Kronologi Penembakan
Pada pukul 3:10 sore, seorang tersangka menembaki area di luar Whitney M. Young Jr. Residence Hall, sebuah asrama kampus. Satu mahasiswa meninggal, sementara mahasiswa lain berada dalam kondisi kritis namun stabil.
Polisi kampus segera merespons, dan hanya dalam empat menit, mereka berhasil menangkap tersangka serta mengamankan lokasi. “Tindakan cepat aparat memastikan situasi terkendali dan mencegah korban lebih banyak,” ujar Assistant Chief of Police Scott Tracy.
Tersangka berusia 48 tahun, berasal dari Indiana, dan bukan mahasiswa. Polisi menahan dia di Franklin County Regional Jail atas tuduhan pembunuhan dan penyerangan tingkat pertama. Saat ini, pihak kepolisian masih menyelidiki apakah tersangka memiliki pengacara.
Dampak Terhadap Aktivitas Kampus
Universitas segera membatalkan semua kelas, ujian akhir, dan kegiatan kampus untuk sisa minggu. Mahasiswa boleh kembali ke rumah jika ingin. Juru bicara universitas, Michael DeCourcy, menekankan, “Panduan tambahan akan segera disampaikan.”

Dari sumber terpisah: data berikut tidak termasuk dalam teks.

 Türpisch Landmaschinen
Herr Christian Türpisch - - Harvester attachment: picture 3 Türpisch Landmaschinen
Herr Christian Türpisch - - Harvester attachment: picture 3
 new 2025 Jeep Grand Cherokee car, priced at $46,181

Selain itu, universitas membuka layanan konseling dan dukungan psikologis bagi mahasiswa, staf, dan fakultas yang terdampak. Presiden Koffi C. Akakpo menyebut penembakan ini sebagai “tragedi tanpa makna” yang meninggalkan komunitas dalam duka mendalam. Ia menambahkan, “Sebagai orang tua, saya tidak bisa membayangkan menerima telepon seperti ini. Komunitas kami membutuhkan doa.”
Respons Cepat Aparat
Tracy memuji koordinasi aparat kampus dan lembaga lain, termasuk Franklin County Sheriff’s Office, State Police, dan Bureau of Alcohol, Tobacco, Firearms and Explosives. Mereka bergerak cepat sehingga situasi terkendali dalam hitungan menit.
Polisi menegaskan, tidak ada senjata petugas yang ditembakkan selama insiden. Dengan lebih dari 2.200 mahasiswa dan 450 staf, universitas memastikan keamanan tetap prioritas utama.

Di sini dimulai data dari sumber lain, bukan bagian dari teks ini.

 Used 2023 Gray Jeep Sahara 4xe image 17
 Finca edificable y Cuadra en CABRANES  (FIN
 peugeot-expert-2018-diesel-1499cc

Penembakan di Lingkungan HBCU
Kentucky State University menjadi lokasi penembakan ke-73 di sekolah sepanjang tahun ini, sebagian besar terjadi di kampus perguruan tinggi, menurut analisis CNN dan Gun Violence Archive.
Baru-baru ini, beberapa HBCU lain juga mengalami penembakan, termasuk:
Howard University, Washington DC: lima orang terluka, bukan mahasiswa.

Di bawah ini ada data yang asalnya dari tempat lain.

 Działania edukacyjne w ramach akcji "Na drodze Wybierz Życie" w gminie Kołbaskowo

Lincoln University, Pennsylvania: satu tewas, enam luka-luka saat homecoming.
Kejadian ini menekankan perlunya keamanan lebih tinggi di kampus HBCU dan kesadaran terhadap kekerasan senjata api di lingkungan pendidikan.
Tabel Ringkasan Insiden
| Elemen | Detail |
|---|---|
| Lokasi | Whitney M. Young Jr. Residence Hall, Kentucky State University, Frankfort |
| Waktu | Selasa, pukul 3:10 sore |
| Korban | 1 meninggal, 1 kritis namun stabil |
| Tersangka | Pria 48 tahun, dari Indiana, bukan mahasiswa |
| Tindakan | Penangkapan cepat, kampus lockdown, layanan konseling dibuka |
| Dampak | Semua kelas, ujian, dan kegiatan dibatalkan sisa minggu |
Pesan Untuk Komunitas
Presiden Akakpo meminta semua pihak untuk memberikan doa bagi mahasiswa dan keluarga korban. Ia menekankan pentingnya dukungan mental dan solidaritas bagi komunitas kampus.
DeCourcy menambahkan, universitas akan terus memberi informasi terbaru dan mendampingi keluarga korban. Mahasiswa tetap diminta waspada namun tenang, karena aparat telah memastikan keamanan kampus.
Selain itu, kepolisian setempat akan menyelidiki motivasi tersangka dan mencegah insiden serupa di masa mendatang. Koordinasi cepat antara aparat kampus dan lembaga penegak hukum terbukti menyelamatkan banyak nyawa.
Kentucky State University tetap berkomitmen menjaga keamanan, solidaritas komunitas, dan dukungan psikologis bagi semua pihak. Tragedi ini menjadi pengingat akan pentingnya tindakan cepat dan respons terkoordinasi terhadap kekerasan di kampus.